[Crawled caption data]
------------------------------

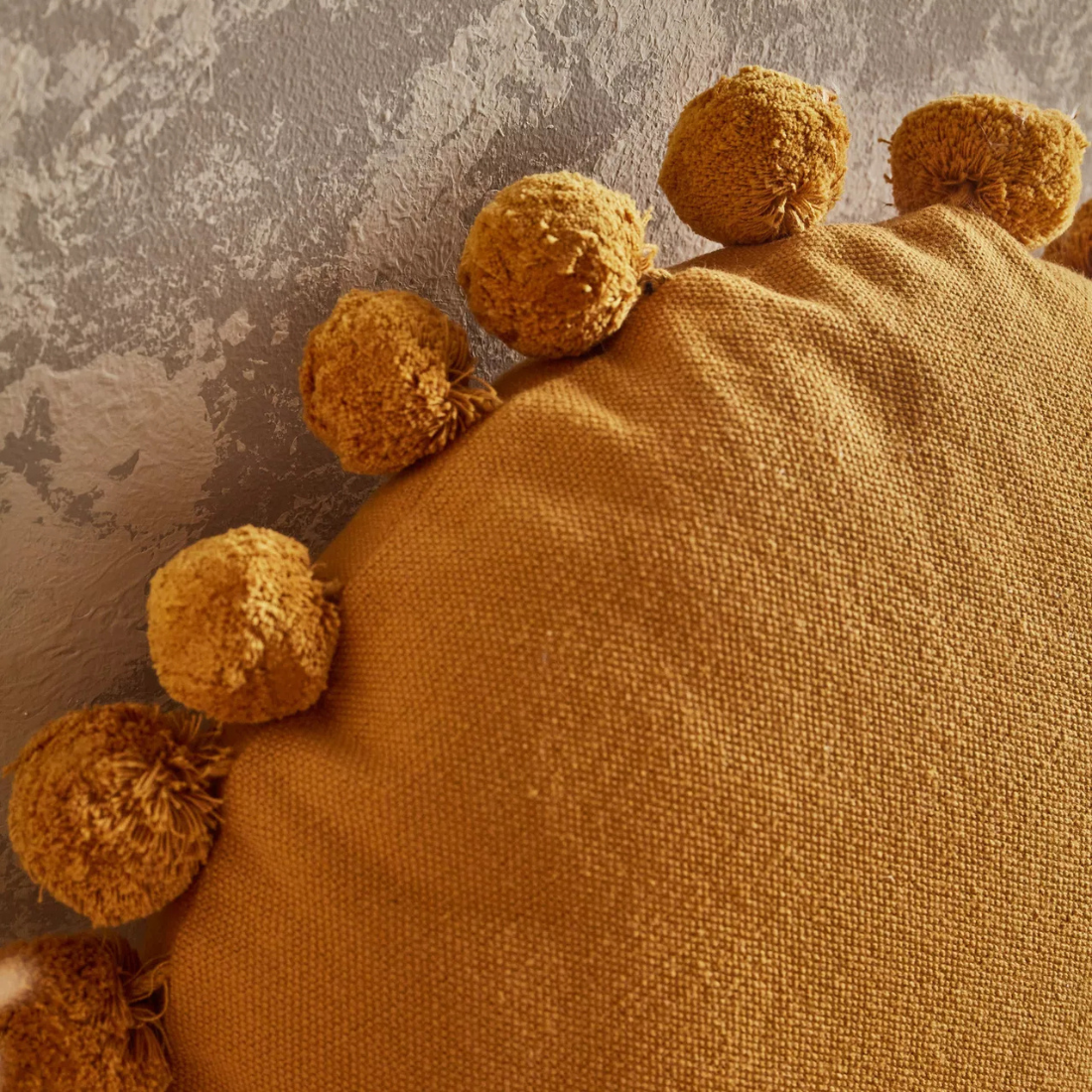 Mustard Round Chair Cushion with Pompoms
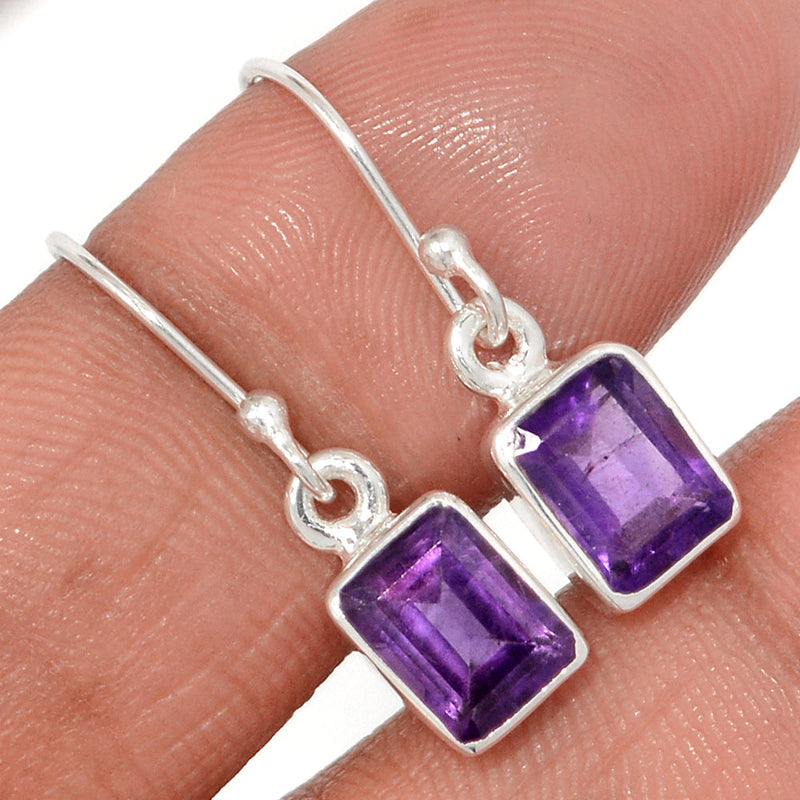 1.1" Amethyst Faceted Earrings - AMFE1698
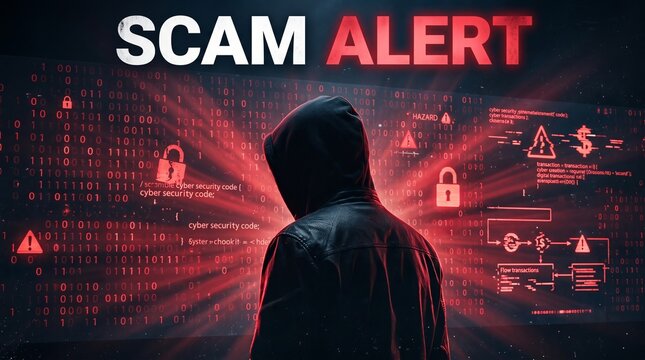 Hooded hacker standing before glowing red binary code screens displaying prominent warning text alerts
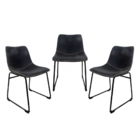 Kit 3 Cadeiras Para Sala De Jantar Munich Pretas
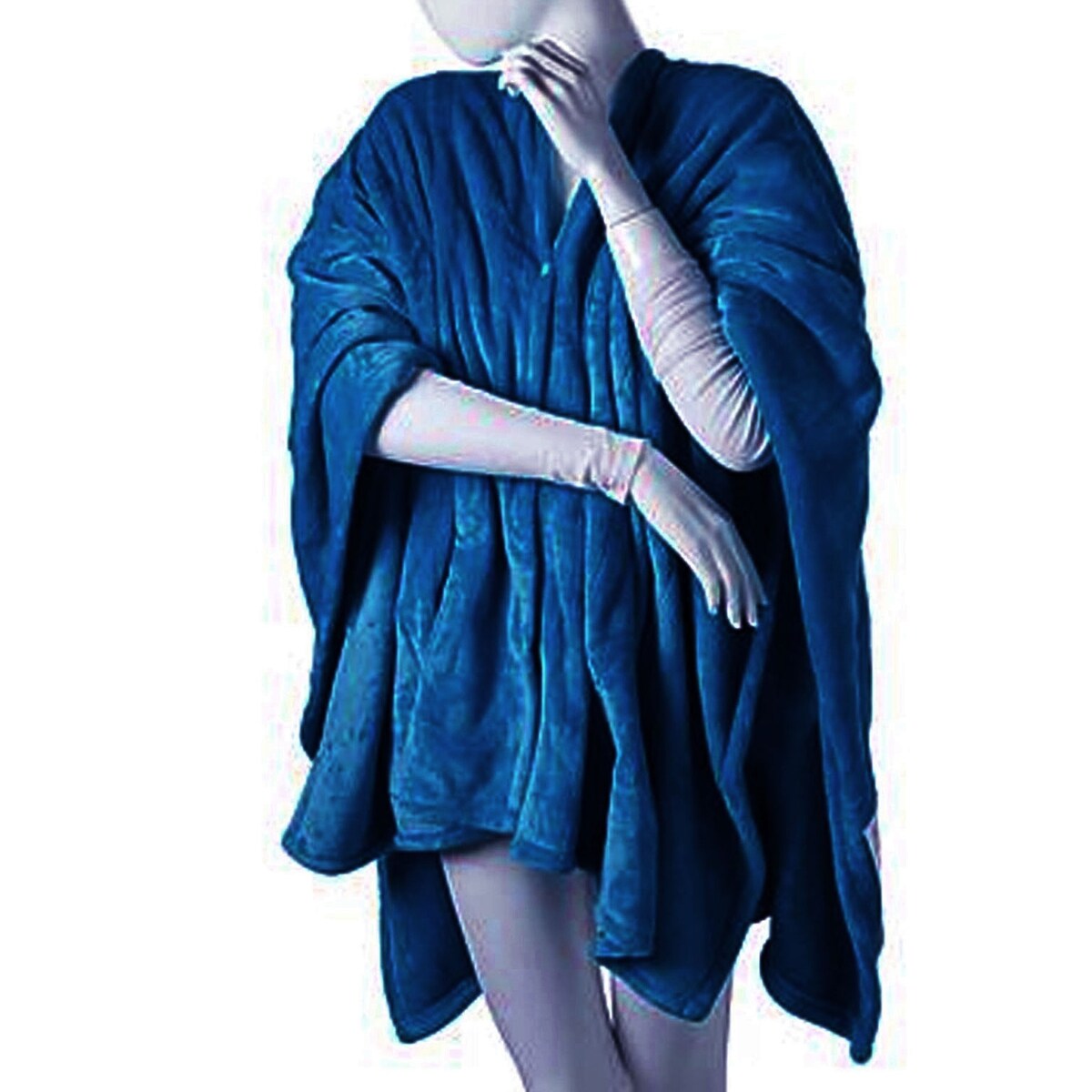Soft and Cozy Electric Heated Plush Sherpa Hooded Angel Wrap Blanket N
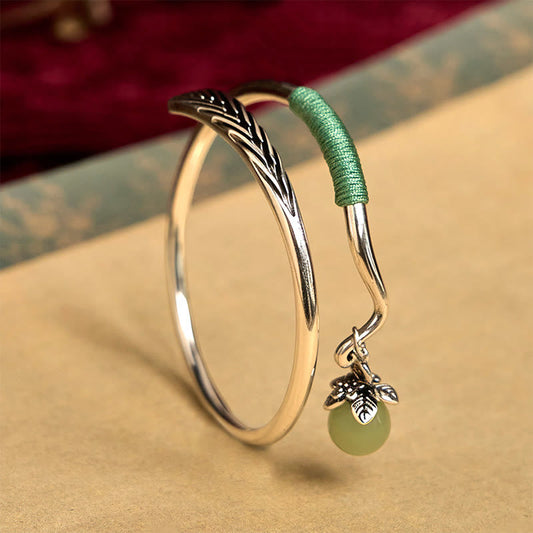 Buddhist Blessing Copper Alloy Green Bead Charm Luck Cuff Bracelet Bangle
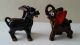 40/50s Clay Pottery? Hand Painted Political Bow Tie Donkey & Elephant Figurines Figurines photo 2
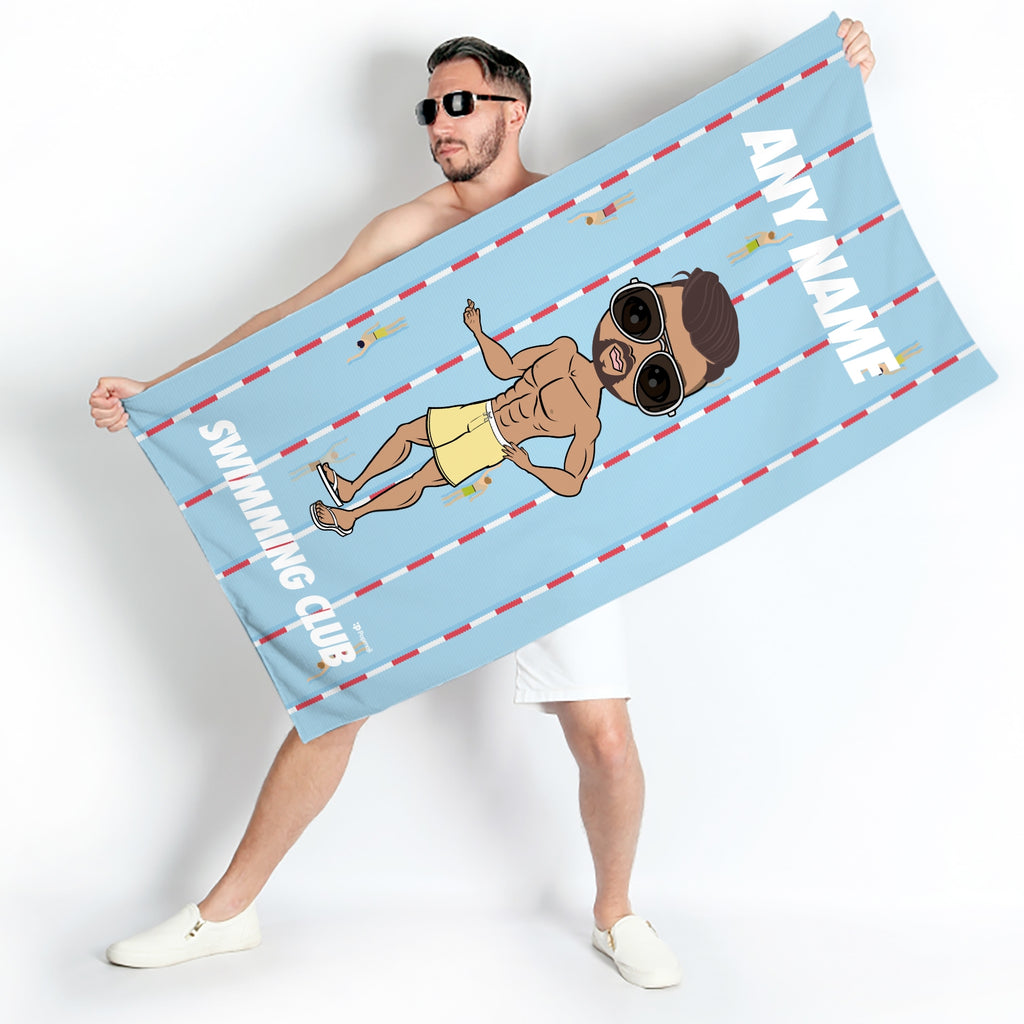 MrCB Personalised Lanes Swimming Towel - Image 1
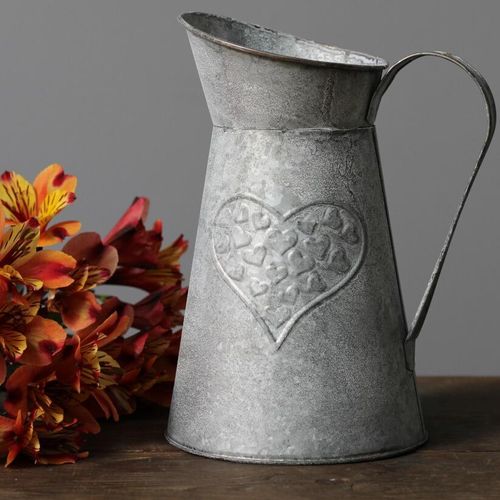 Farmhouse style jug next to fresh alstroemeria Indian Summer cuttings
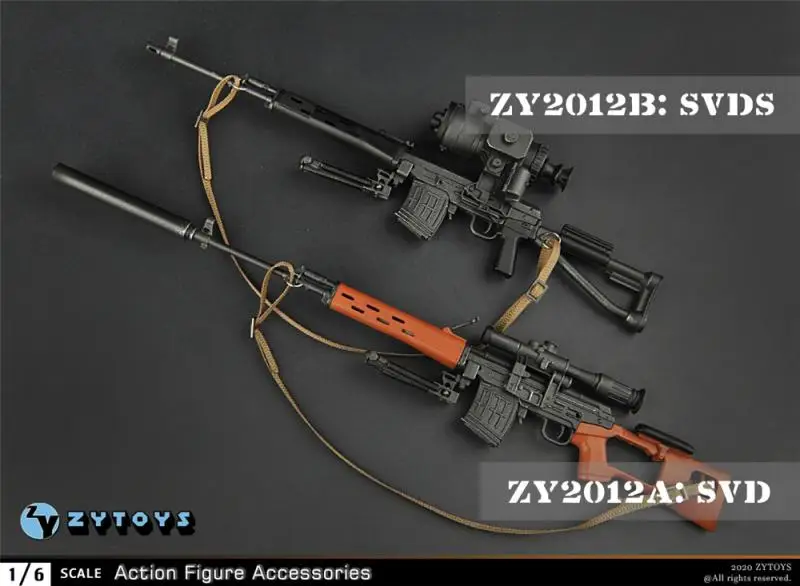 ZYTOYS Hot Sales 1/6th ZY2012A/B SVD SVDS Sniper Russia  Toys Weapons For Usual Doll Soldier Collection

------------------------------

WHAT NEEDS TO BE DONE: Without including the pictures, return each record above exactly as it stands.

EXERCISE RESULT:
 Mustard Round Chair Cushion with Pompoms
 1.1" Amethyst Faceted Earrings - AMFE1698
 Hooded hacker standing before glowing red binary code screens displaying prominent warning text alerts
 Kit 3 Cadeiras Para Sala De Jantar Munich Pretas
Soft and Cozy Electric Heated Plush Sherpa Hooded Angel Wrap Blanket N
 Buddhist Blessing Copper Alloy Green Bead Charm Luck Cuff Bracelet Bangle
 40/50s Clay Pottery? Hand Painted Political Bow Tie Donkey & Elephant Figurines Figurines photo 2
 MrCB Personalised Lanes Swimming Towel - Image 1
 Farmhouse style jug next to fresh alstroemeria Indian Summer cuttings
 ZYTOYS Hot Sales 1/6th ZY2012A/B SVD SVDS Sniper Russia  Toys Weapons For Usual Doll Soldier Collection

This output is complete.